--- Data ---
----------------
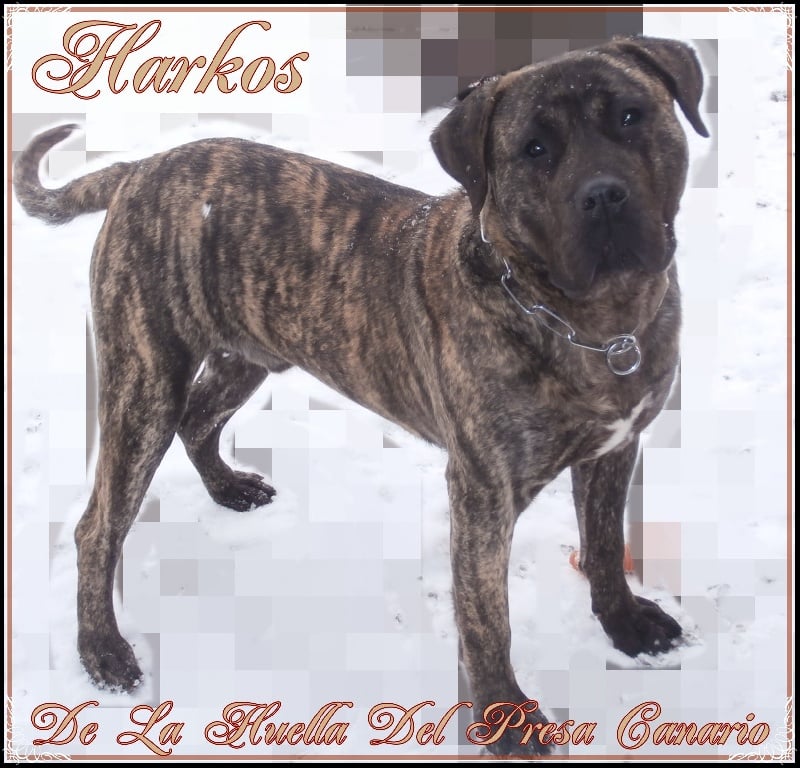  Auteur : des bringés du forez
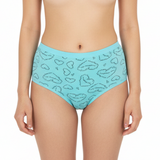 Multi Color Brief Panty Pack Of 6-B240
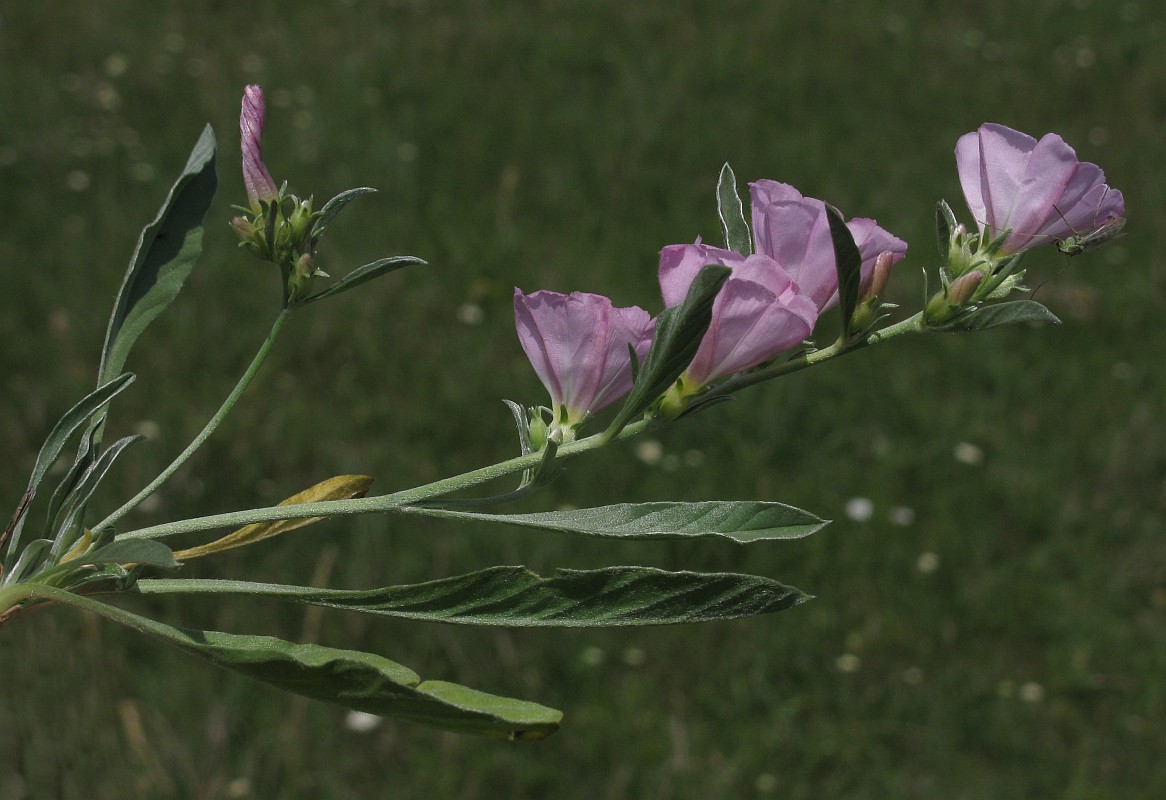 Изображение особи Convolvulus lineatus.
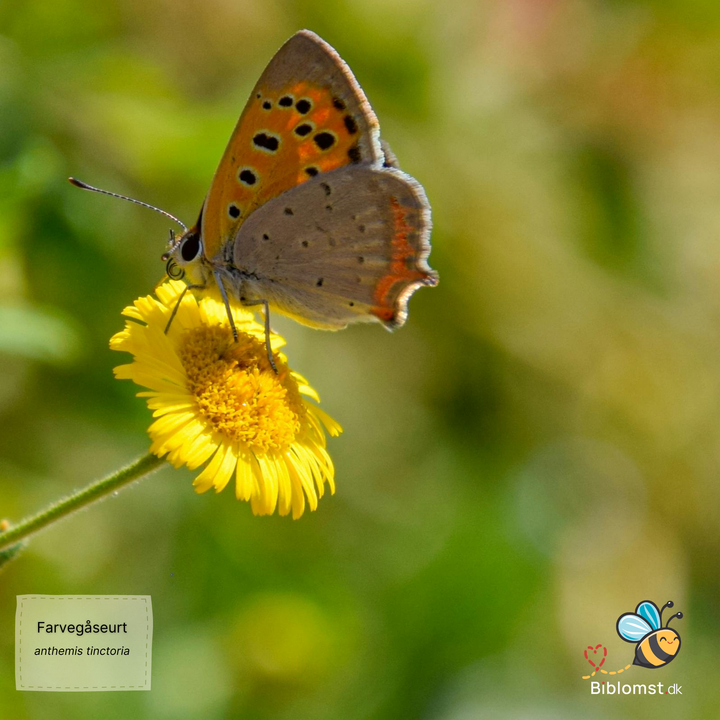 Farvegåseurt – Anthemis tinctoria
----------------
--- What the task asks ---
Output the listing above exactly as it stands; no picture should appear.

--- The answer ---
  Auteur : des bringés du forez
 Multi Color Brief Panty Pack Of 6-B240
 Изображение особи Convolvulus lineatus.
 Farvegåseurt – Anthemis tinctoria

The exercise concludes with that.